◆ Prompt
For the data below, restate word for word only the lines from the line containing "Building Photo - Wonderful" through the line containing "Passiv-Infrarot-Präsenzmelder für Deckeneinbau", both ends included.

(Stored items)
▽
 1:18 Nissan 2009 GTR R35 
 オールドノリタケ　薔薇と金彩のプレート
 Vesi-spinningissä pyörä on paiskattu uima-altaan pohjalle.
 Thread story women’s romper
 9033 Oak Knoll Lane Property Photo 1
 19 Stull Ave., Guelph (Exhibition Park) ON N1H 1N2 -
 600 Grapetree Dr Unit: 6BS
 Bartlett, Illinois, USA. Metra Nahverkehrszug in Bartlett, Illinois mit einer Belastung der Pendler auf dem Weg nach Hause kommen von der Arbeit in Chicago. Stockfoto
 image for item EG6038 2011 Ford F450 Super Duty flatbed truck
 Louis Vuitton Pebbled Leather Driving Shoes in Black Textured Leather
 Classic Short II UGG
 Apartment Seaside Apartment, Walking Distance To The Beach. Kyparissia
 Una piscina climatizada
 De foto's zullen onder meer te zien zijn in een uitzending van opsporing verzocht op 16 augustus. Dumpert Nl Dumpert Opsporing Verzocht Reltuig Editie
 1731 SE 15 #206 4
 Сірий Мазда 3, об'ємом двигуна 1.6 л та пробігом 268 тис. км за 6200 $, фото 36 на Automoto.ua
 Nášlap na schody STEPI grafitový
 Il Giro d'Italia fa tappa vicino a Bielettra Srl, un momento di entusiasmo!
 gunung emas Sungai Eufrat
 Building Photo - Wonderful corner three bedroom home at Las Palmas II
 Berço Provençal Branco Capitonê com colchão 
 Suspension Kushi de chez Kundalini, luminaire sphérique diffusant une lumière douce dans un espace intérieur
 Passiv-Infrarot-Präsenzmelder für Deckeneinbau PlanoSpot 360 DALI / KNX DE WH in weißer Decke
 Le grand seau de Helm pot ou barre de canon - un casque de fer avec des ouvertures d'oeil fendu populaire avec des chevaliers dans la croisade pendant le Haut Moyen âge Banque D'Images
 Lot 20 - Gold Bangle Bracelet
△
◆ Task result
 Building Photo - Wonderful corner three bedroom home at Las Palmas II
 Berço Provençal Branco Capitonê com colchão 
 Suspension Kushi de chez Kundalini, luminaire sphérique diffusant une lumière douce dans un espace intérieur
 Passiv-Infrarot-Präsenzmelder für Deckeneinbau PlanoSpot 360 DALI / KNX DE WH in weißer Decke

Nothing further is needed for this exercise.